Problem details:
Copy each line below exactly as it appears. Pictures are to be omitted.
======== Data provided ========
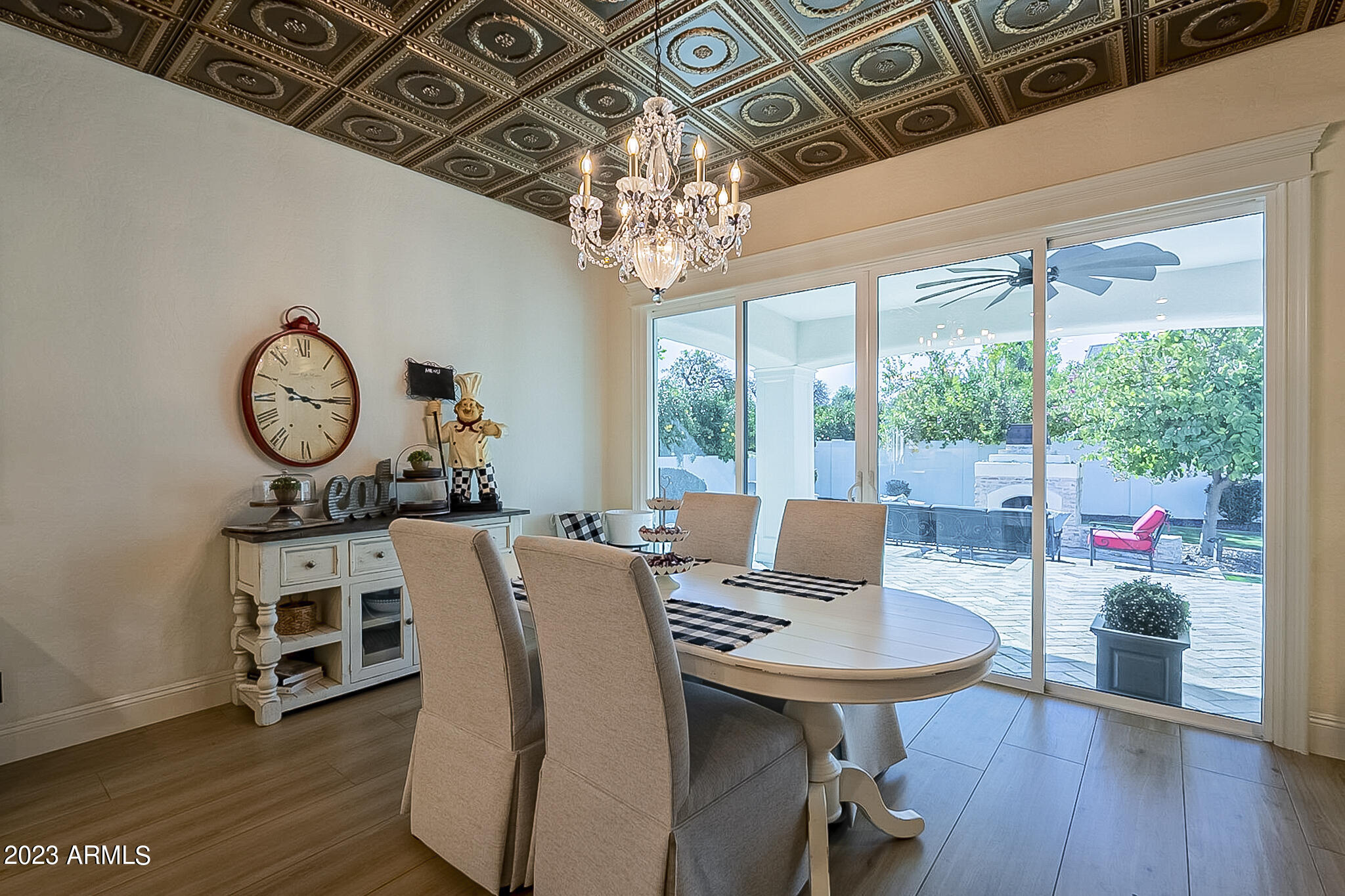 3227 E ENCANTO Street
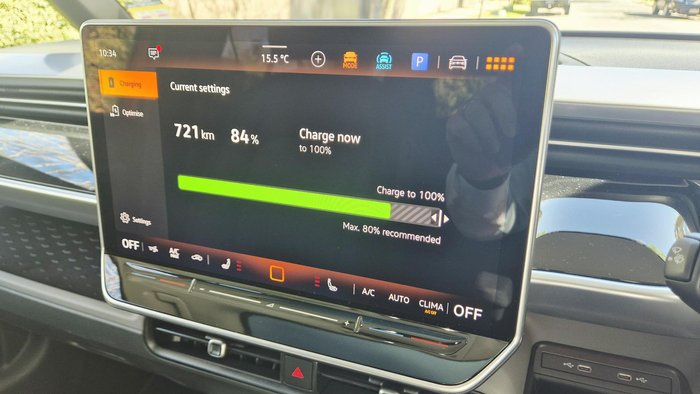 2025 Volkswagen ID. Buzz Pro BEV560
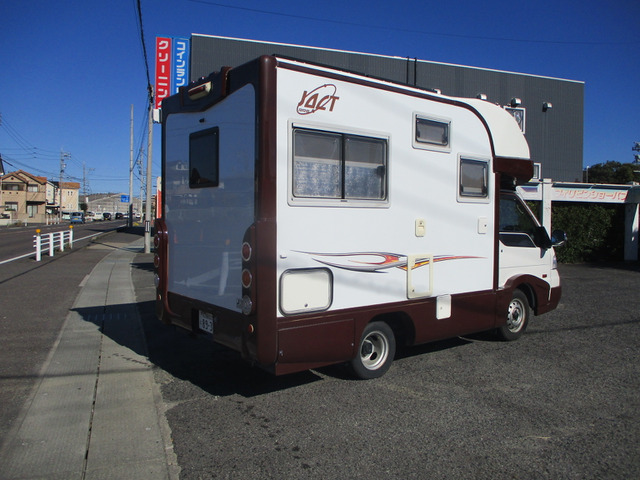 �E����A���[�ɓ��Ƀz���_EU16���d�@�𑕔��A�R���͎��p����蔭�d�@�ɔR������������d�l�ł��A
========
Answer below:
 3227 E ENCANTO Street
 2025 Volkswagen ID. Buzz Pro BEV560
 �E����A���[�ɓ��Ƀz���_EU16���d�@�𑕔��A�R���͎��p����蔭�d�@�ɔR������������d�l�ł��A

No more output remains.